In Latin America, for example, there is a long tradition of populists falling into bed with a corrupt political elite, and the results invariably include irresponsible macroeconomic policies and various kinds of financial disaster (see “The Macroeconomics of Populism in Latin America,” edited by Rudiger Dornbush and Sebastian Edwards).
In North America, however, the populist tradition has proved much more constructive. More than 100 years ago, hot-button issues included direct election of senators and a federal income tax. None of these demands seem irresponsible today, and achieving those goals through constitutional amendments in the run-up to 1914 in no way jeopardized American prosperity.
But there is still an undercurrent of resistance in Washington to policy ideas with widespread popular support. For example, when President Obama said to leading bankers in March 2009, “My administration is the only thing between you and the pitchforks,” he was suggesting that people favoring a resolution process for large financial institutions – closing them down in an orderly fashion – were akin to some kind of a peasants’ revolt.
According to Mr. Obama’s framing of the issues, the administration sided with large banks that were in trouble at the beginning of his administration – and bailed them out repeatedly and on generous terms – because this was the responsible thing to do.
This was a mistake, with lasting consequences for the American economy, because it further entrenched the power of these banks and the people who ran them into the ground. It also changed our politics. On financial regulation, anti-elite ideas have broad appeal and represent the responsible course of action – and they should draw support from across the political spectrum. Populism and irresponsibility are not, in fact, synonyms. When any elite gets out of control and makes egregious financial mistakes, which happens in many societies, the choice is either to rein them in or provide them with unlimited state backing. You can imagine which course is preferred by that powerful elite and, not surprisingly, the “capture the state” approach is often what leads to the most trouble – including irresponsible macroeconomic policies, worsening inequality and further rounds of traumatic crisis.

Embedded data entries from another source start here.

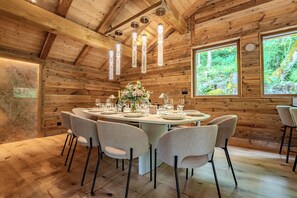 Dining - Luxurious Chalet with Sauna & Jacuzzi in Megeve with Parking (Megève)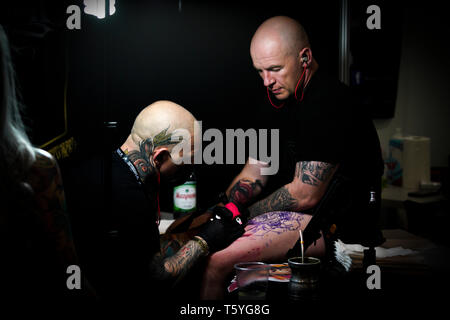 Varsovie. Apr 27, 2019. Un homme est considéré être fait tatouer au cours de la 4ème édition du Tattoo de Varsovie jours à Varsovie, en Pologne le 27 avril 2019. Credit : Jaap Arriens/Xinhua/Alamy Live News Banque D'Images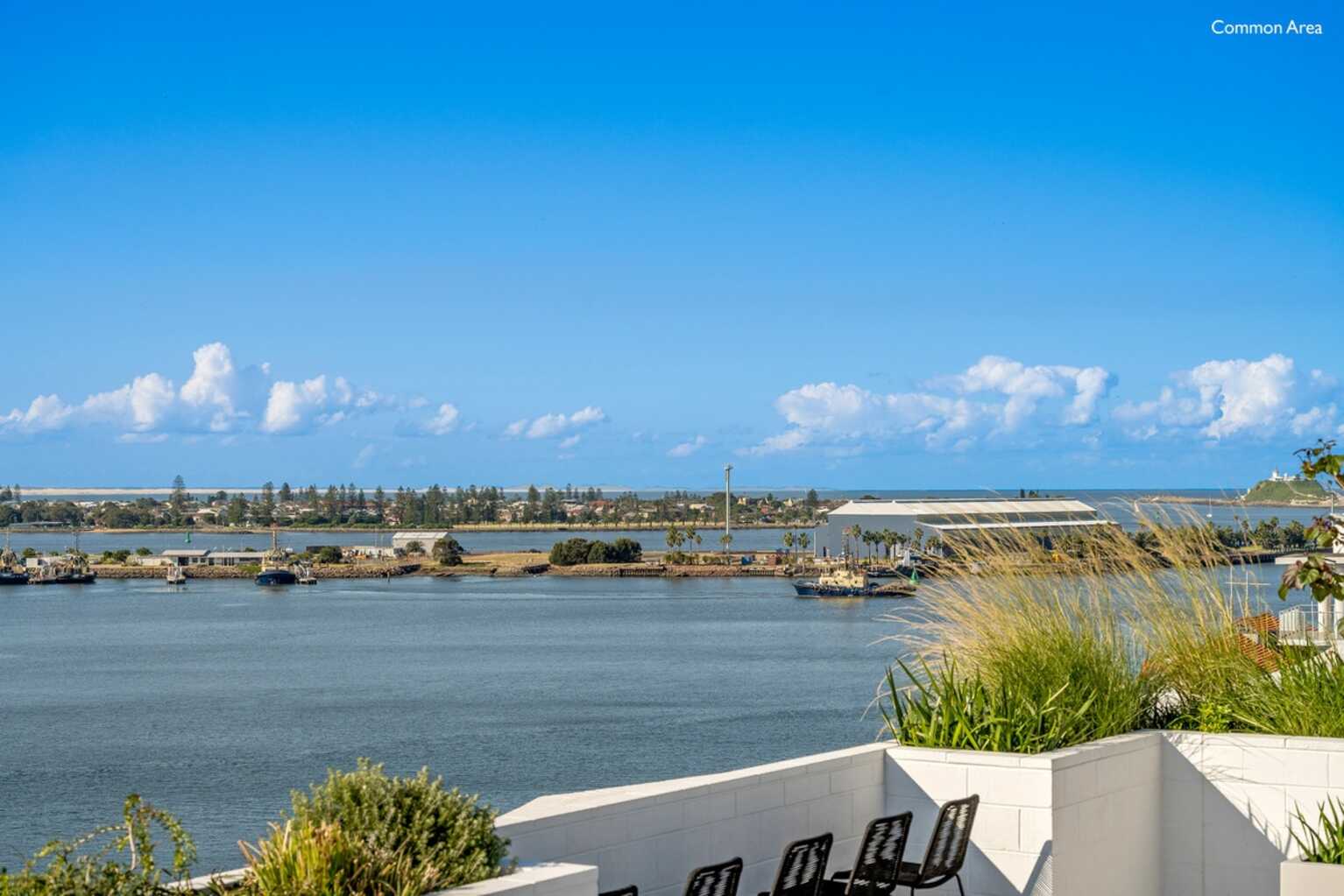 306/23 Honeysuckle Drive Newcastle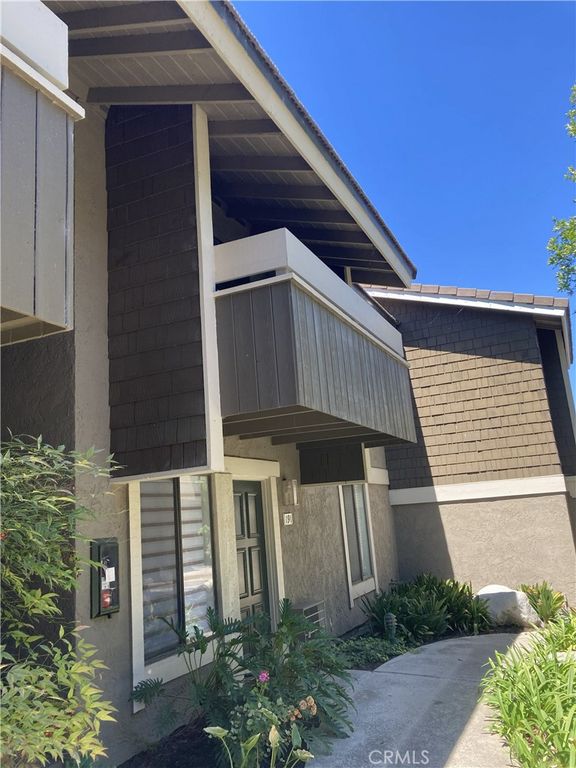 192 Streamwood, Irvine, CA 92620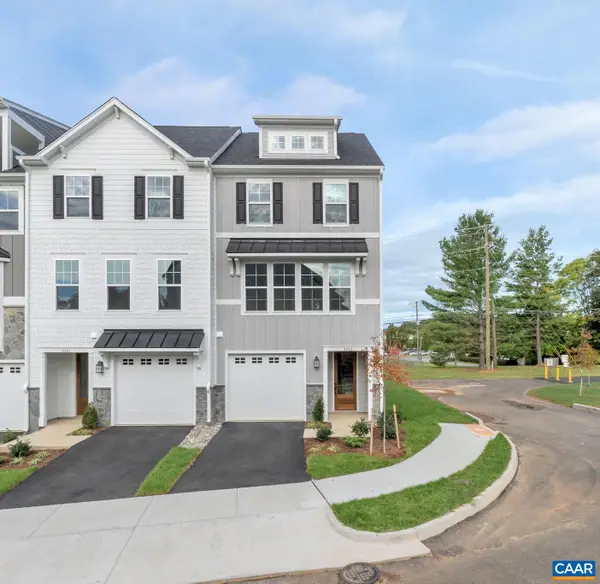 281 Gibraltar Dr, WAYNESBORO, VA 22980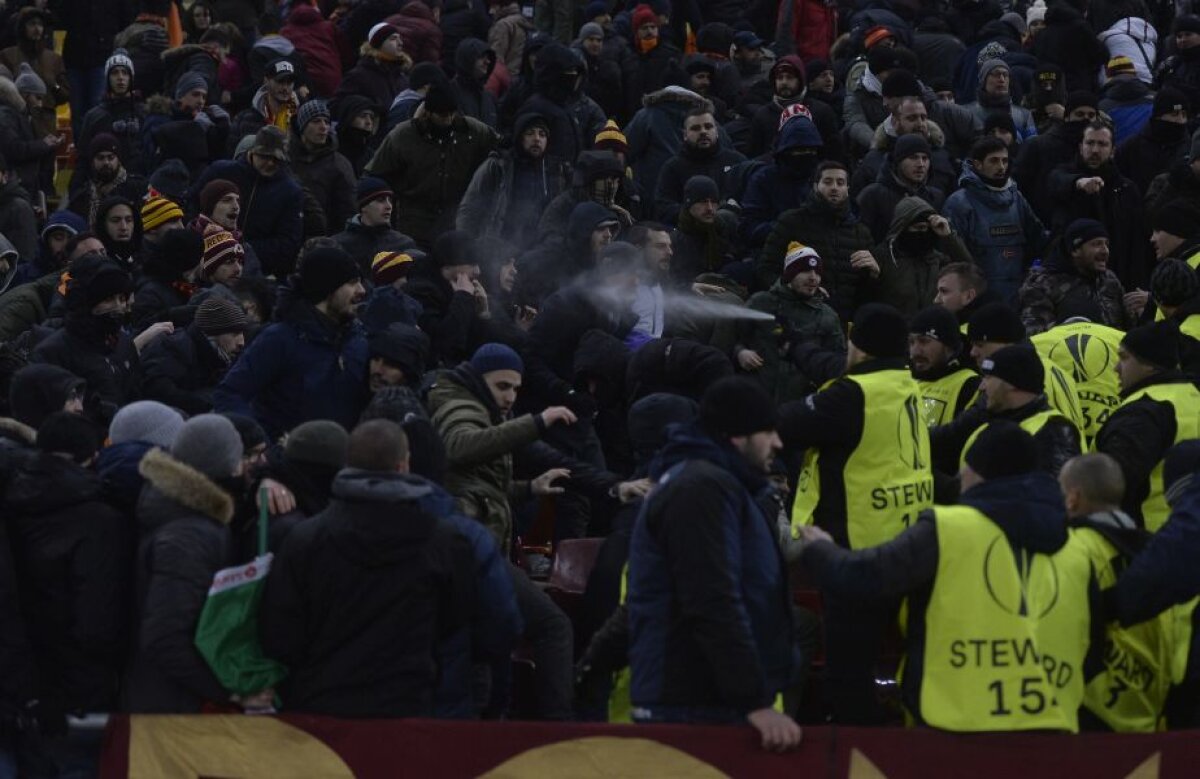 VIDEO + FOTO Incidente pe Național Arena » Ultrașii Romei s-au bătut cu stewarzii! Un român a capturat un banner al italienilor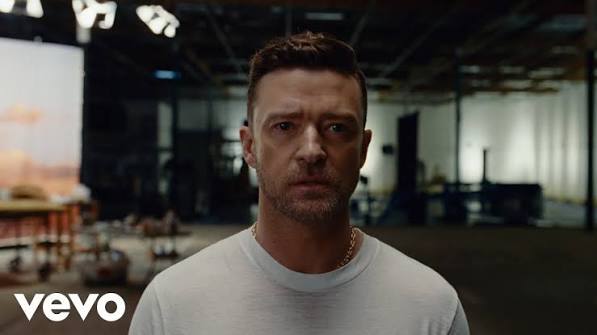 Justin Timberlake, çocuk yaşlarda başladığı eğlence dünyası kariyerini dünya çapında bir müzik kariyerine ve ardından sinema çalışmalarına dönüştüren çok yönlü Amerikalı sanatçılardan biridir. Şarkıcı, şarkı yazarı, dansçı, oyuncu ve prodüktör kimlikleriyle tanınan Timberlake, özellikle 2000'li yıllarda pop müziğin değişen yüzünü temsil eden isimlerden biri haline geldi.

In their new book, “Why Nations Fail: The Origins of Power, Prosperity and Poverty,” Daron Acemoglu and James Robinson suggest that most economic and political collapse is caused by overly powerful elites – which bring on a wide variety of pathologies.
In early 2009, the people who wanted to arrange the orderly liquidation of failed banks in the United States included Sheila Bair, the entirely reasonable and middle-of-the-road head of the Federal Deposit Insurance Corporation. Ms. Bair was also an outspoken advocate of higher capital requirements and meaningful financial reform more broadly.
According to the definitive account published recently by Jesse Eisinger of ProPublica, she was opposed and largely thwarted not just by top political appointees (e.g., at the Treasury) but also by the Federal Reserve.
Ms. Bair is a Republican; at one point she worked for Senator Bob Dole of Kansas. But she draws broad bipartisan support for standing up to the banks and consistently proposing a more responsible course of action than that preferred by the banking elite. I have heard sensible people on both sides of the political aisle suggesting that she would make a very fine Treasury Secretary, and I agree with that assessment.
Elizabeth Warren is another prominent public figure who stands for reasonable constraints on egregious bad behavior by powerful financial interest groups. Ms. Warren was chairwoman of the Congressional Oversight Panel for the Troubled Asset Relief Program, or TARP, and in that capacity she drew broad bipartisan support for her even-handed assessments.
When she helped set up the Consumer Financial Protection Bureau, Ms. Warren stood primarily for greater transparency in financial transactions, making it easier for people to understand what they are getting themselves into. Many responsible businesses supported exactly that approach.